Ist ein vermeintlich freier Mitarbeiter tatsächlich als Arbeitnehmer einzustufen, hat dieser alle Arbeitnehmerrechte. Dazu gehört insbesondere der Anspruch auf bezahlten Erholungsurlaub. Im Fall der Scheinselbstständigkeit verfällt der Urlaubsanspruch auch nicht.
Hintergrund
Ein Mann in Großbritannien war 13 Jahre lang mit einem “Selbstständigen-Vertrag” auf Provisionsbasis für eine Firma tätig. Die Urlaubszeit wurde nicht bezahlt. Mit dem Ende seiner Tätigkeit forderte der Mann von der Firma eine Bezahlung für den genommenen und auch für den nicht genommenen Urlaub der vergangenen 13 Jahre. Das britische Arbeitsgericht stellte im Nachhinein die Arbeitnehmereigenschaft des Mannes fest. Damit hatte er grundsätzlich Anspruch auf bezahlten Jahresurlaub gehabt.

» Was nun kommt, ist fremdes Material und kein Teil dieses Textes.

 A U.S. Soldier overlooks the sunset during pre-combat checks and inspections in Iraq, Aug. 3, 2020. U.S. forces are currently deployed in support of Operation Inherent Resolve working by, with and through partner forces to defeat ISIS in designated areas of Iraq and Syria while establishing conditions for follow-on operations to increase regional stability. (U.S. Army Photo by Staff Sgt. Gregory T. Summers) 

Fraglich war zum einen, ob der Mann seinen Urlaub erst hätte nehmen müssen, um feststellen zu lassen, ob er Anspruch auf Bezahlung hat, und zum anderen, ob seine Urlaubsansprüche möglicherweise mittlerweile verfallen waren. Deshalb rief das britische Gericht den Europäischen Gerichtshof an.
Entscheidung
Der Europäische Gerichtshof entschied, dass die Ansprüche des Mannes auf bezahlten Urlaub nicht verfallen sind. Der Arbeitgeber muss dem Arbeitnehmer ermöglichen, seinen Anspruch auf bezahlten Jahresurlaub auszuüben. Besteht diese Möglichkeit nicht, kann der Arbeitnehmer nicht ausgeübte Urlaubsansprüche übertragen und ansammeln.
Im Fall der Scheinselbstständigkeit eines Arbeitnehmers muss der Arbeitgeber nicht durch eine Begrenzung der Ansprüche geschützt werden. Vielmehr hat ein Arbeitgeber, der seinem Arbeitnehmer nicht die Möglichkeit gibt, seinen Anspruch auf bezahlten Jahresurlaub auszuüben, die entsprechenden finanziellen Folgen zu tragen.
Das Unionsrecht verbietet es, dass der Arbeitnehmer seinen Jahresurlaub nehmen muss, ehe er feststellen kann, ob er für diesen Urlaub Anspruch auf Bezahlung hat. Dies ist weder mit dem Recht auf einen wirksamen Rechtsbehelf noch mit der Arbeitszeitrichtlinie vereinbar. Der bezahlte Jahresurlaub ist ein besonders bedeutsamer Grundsatz des Sozialrechts der Union. Dessen Sinn und Zweck ist die Erholung des Arbeitnehmers. Die Unsicherheit darüber, ob der Urlaub bezahlt wird, ist aber durchaus ein Grund, diesen eben nicht zu nehmen, betonte der Europäische Gerichtshof.